We just love following your journey on the quest to complete the Seven Summits. Your first summit, Kilimanjaro, was completed in 2.5 days! What motivated you to reach the summit so quickly?
Kilimanjaro is typically climbed in 6-12 days in order to ensure proper acclimating and a successful summit. The guides often use the term “Pole, Pole” meaning slow and steady. As a pro boxer & competitive runner, I am used to pushing way above my comfort zone. The pace was extremely slow for the first hour when we started in the rain forest. We were suppose to hit the first hut/checkpoint in 6 hours. I felt great and took off while my guide tried to keep up. We made the first check point in almost 3 hours. I was restless and told the guide that based on my pace, I wanted to attempt a summit. He said he had never met anyone as fast and strong so he agreed. I was fortunate and did not get any altitude sickness and completed the entire climb in 2.5 days!
You will be heading to Aconcagua in December, your second of the great Seven Summits. What does your training look like, in the gym and on the trails?
I am all set for My 2nd of 7 Summits this December 14th for Aconcagua in Argentina which is almost 23,000ft high. I was taught by my boxing coach at a very young age that It is better to over prepare. I take training very seriously which is part of the reason I have done well in all my expeditions thus far. Everything I am currently doing is with Aconcagua in mind. I pretty much hike with a weighted pack every weekend for 6-12hrs at a time, I run 5 times a week and strength train 3 times a week as well as throw a few swims in there. Additionally, I have scheduled a few tune-up mountains to enhance my skills like Rainier, Chimborazo and Pico De Orizaba and see what I need to work on.
How did you become involved in mountaineering, and how has it positively impacted your life?
I starting hiking when I was going to school in Asheville, NC. I was very alone and a friend took men on my first hike to Mount Mitchell (one of the highest peaks in the Northeast). The experience of the challenge and,beauty was incredible and I started hiking on my own weekly. Once I moved back to NYC, I was craving to be out in Nature. My boss knew I loved the outdoors and for my birthday 2 years ago, gave me a gift to climb Mount Superior. It was my first time mountaineering, using crampons and an ice axe but I made it to the summit 12,000ft and I was completely hooked!
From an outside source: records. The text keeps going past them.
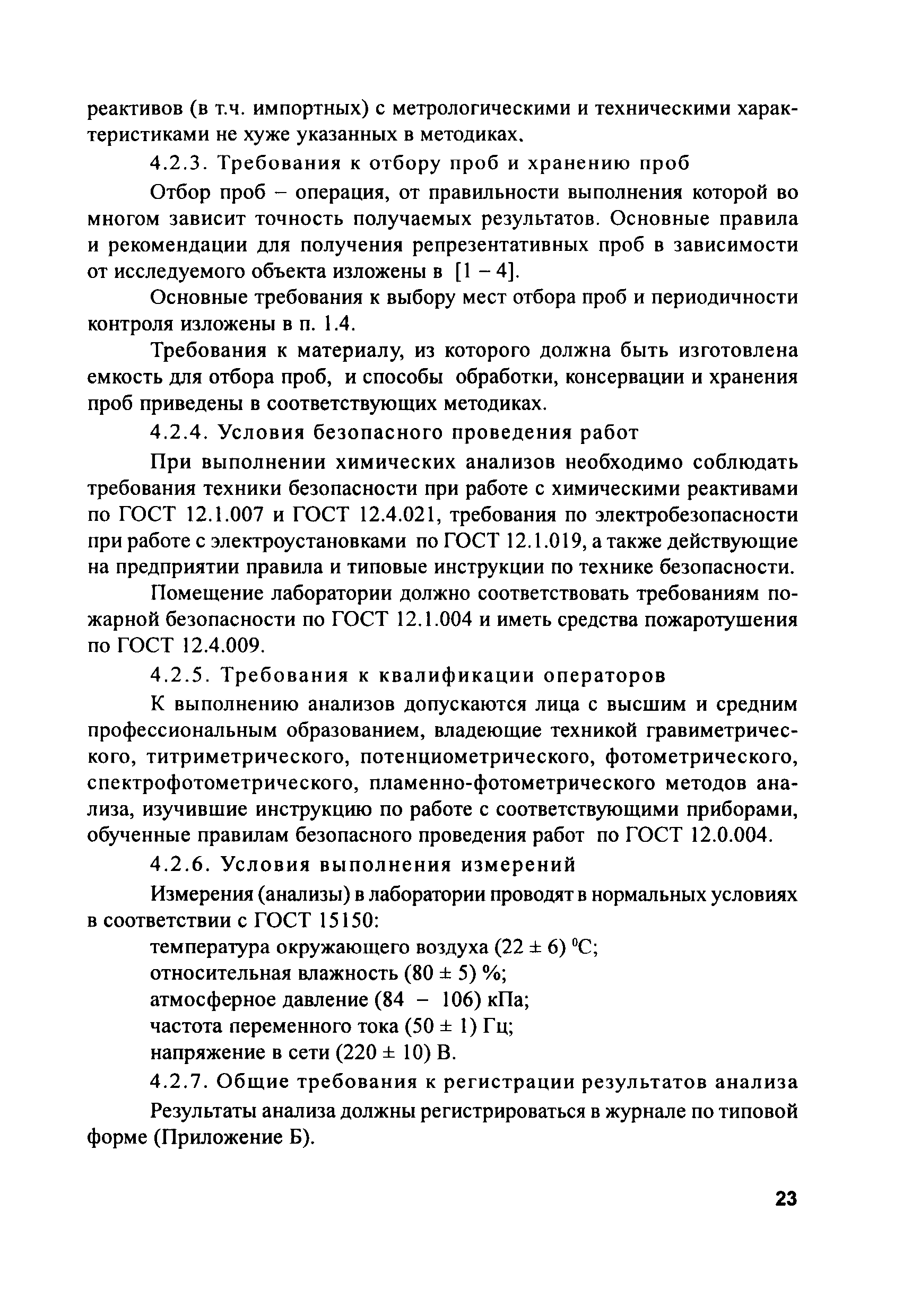 РД 153-34.2-21.544-2002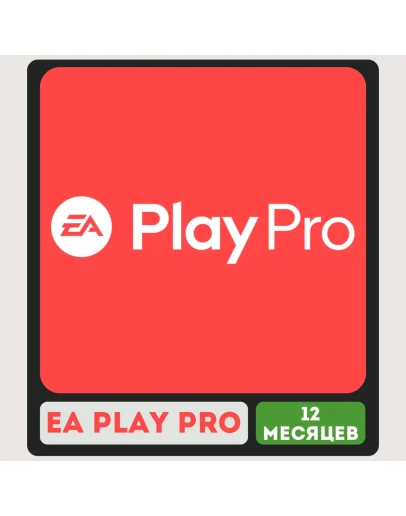 EA PLAY PRO ДЛЯ ПК l 12 МЕСЯЦЕВ l ЛЮБОЙ РЕГИОН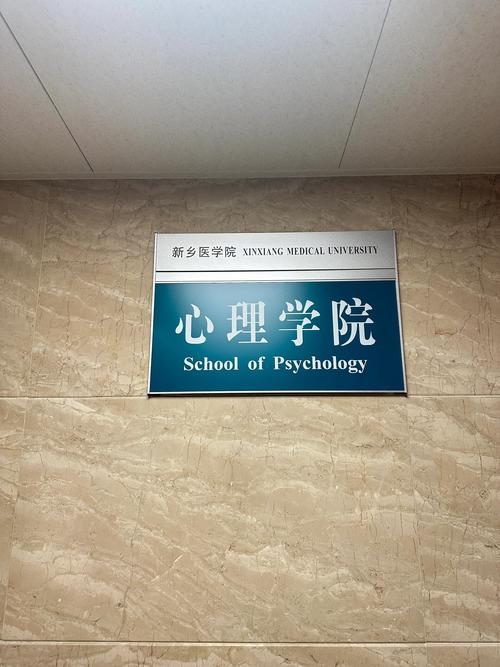 哈尔滨商业大学考博复试有何注意事项？-图3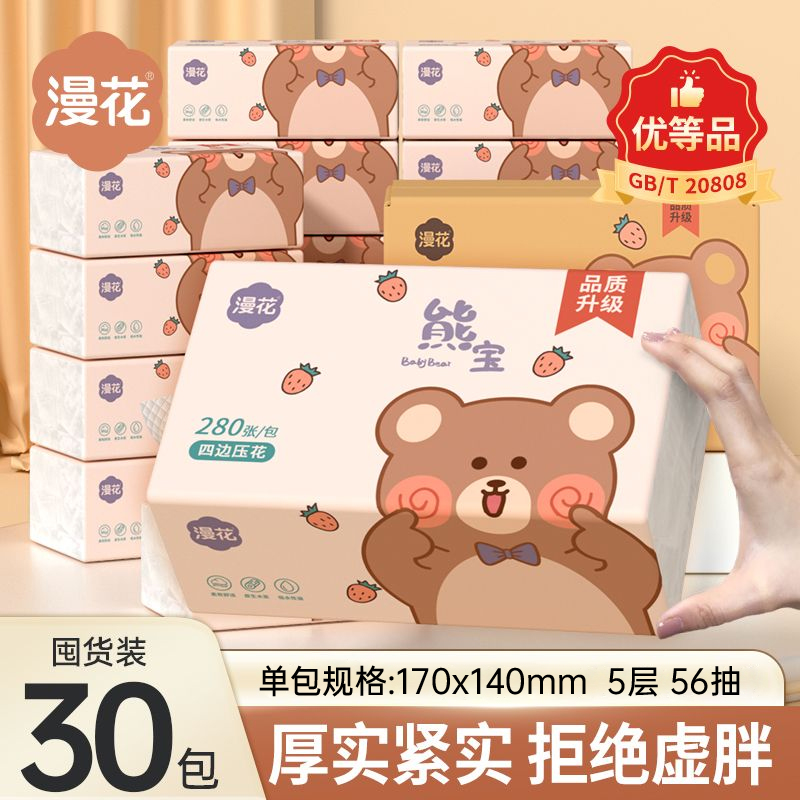 漫花抽纸家用实惠装家庭用纸60/30包加量纸巾卫生纸餐巾纸囤货装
The guide said he had never had a client with zero experience summit such a challenging mountain on their first try. I knew that the mountains were in my blood. I was,deeply moved by the challenge and beauty of alpine climbing. Mountaineering at that level has given me so much hope and confidence to keep believing in myself and dreams while inspiring others to do the same.
Who do you look up to? How do they inspire you?
I am inspired by anyone that has overcome major obstacles and accomplished their dreams while remaining humble and helping others. I was definitely moved by the movie Meru and the incredible resilience of the team.
What are some of the most memorable stories and achievements from your adventures?
My most memorable and inspirational adventure thus far is definitely my first Ecuador Expedition last year. I first went in July 2016 and failed to summit by 500ft, Chimborazo, 20,702 ft (technically the tallest mountain in the world when measured from the center of the earth). I went back 5 months later and became the first female boxer to summit Chimborazo!
What have been some of the obstacles in your adventures? What did they teach you?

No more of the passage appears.